Throughout history, people have consulted everything from oracles to crystal balls in order to predict the future. But it was not until the 1960s that interest developed in a more systematic study of the future – inspired by major social and political upheavals and a growing awareness of the dangers of environmental degradation and over-population. In the early 1970s, separate institutes were established to pursue futures studies in many countries.
In 1971, a government commision was set up in Sweden to investigate what form futures studies should take. It was led by cabinet minister Alva Myrdal and its final report was entitled Choosing One’s Future (SOU 1972:59). The Government followed its recommendation and in 1973 the Secretariat for Futures Studies was established, which was originally accountable to the Prime Minister’s Office. In 1987, the Government decided to transform the Secretariat into an independent institution, whereupon the Institute for Futures Studies was established.
The Secretariat for Futures Studies began working in the fall of 1973. Lars Ingelstam, mathematician and active in the public debate, was appointed director for the Secretariat. The studies were to function as a foundation for strategic planning and stimulate the public debate.
The first research program focused on the problems of industrial society and the contradictions inherent in economic growth. Four problem areas were given priority: future working life, energy supply, natural resources and growth, and Sweden’s place in the world.
The Secretariat’s work reflected the hopes of the day concerning a more equitable world, and its researchers actively sought new concepts, new guidelines, and new patterns of social development.

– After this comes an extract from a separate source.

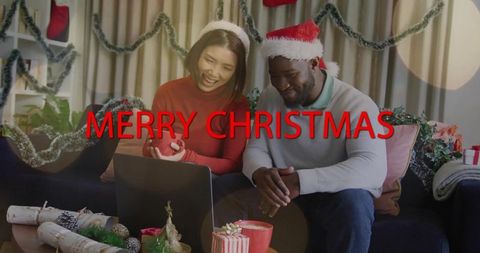 Smiling couple celebrating Christmas on cozy virtual call wearing Santa hats and sweaters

In 1980, the Secretariat for Futures Studies was reconstructed as a unit within the Council for Planning and Coordination of Research. Its new director was Olof Eriksson, a professor of architecture.
Under Eriksson’s leadership, the focus changed to the difficulties facing municipalities and sparsely populated areas, future needs in the health care sector, and changing values in Swedish society. The ambitious project, Future Social Movements, concerned the forms of democratic organization. A distinguishing feature of these projects was that they brought in people from outside the traditional research community.

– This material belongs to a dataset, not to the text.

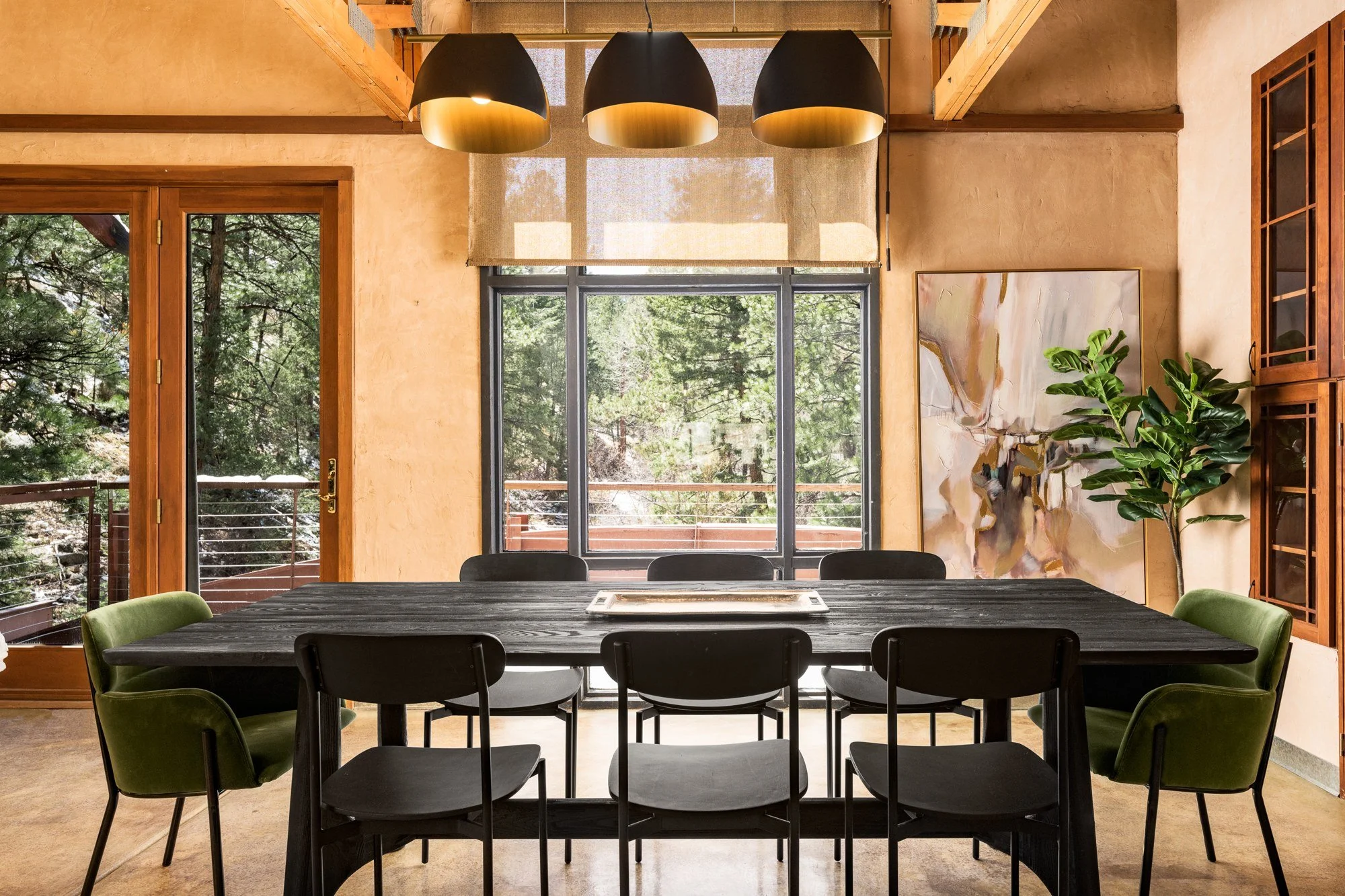 The Bridge House dining room with green chairs, timber beams and woodland views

The journal Framtider (Futures), which was launched during Olof Eriksson’s time at the helm (1982), became a means of encouraging debate on future threats and opportunities.
In 1987, the Government decided to establish an independent institute for futures studies. The directorship was taken over by Åke E Andersson, a professor of regional economics at Umeå University.
The new research plan focused on communications, knowledge, art and creativity (dubbed the ‘K’ society due to the corresponding words in Swedish – kommunikationer, knowledge, konst and kreativitet). The big city was presented as a symbol of future work and life.
What became known as the ‘seventies cohort project’ saw young people as a driving force in society. The new generation was described as being inspired by post-material values relating to internationalism and individualism.
A key figure during these years was the physician, psychologist and author Nils Uddenberg. He was responsible for studies focusing both on people as biological beings and on the ethical considerations prompted by new gene technology.
In 1999, Lena Sommestad, an economic historian, was appointed Director of the Institute. The research program she initiated, Shaping the Future, was centered around the demographic shift towards a society with an increasingly ageing population.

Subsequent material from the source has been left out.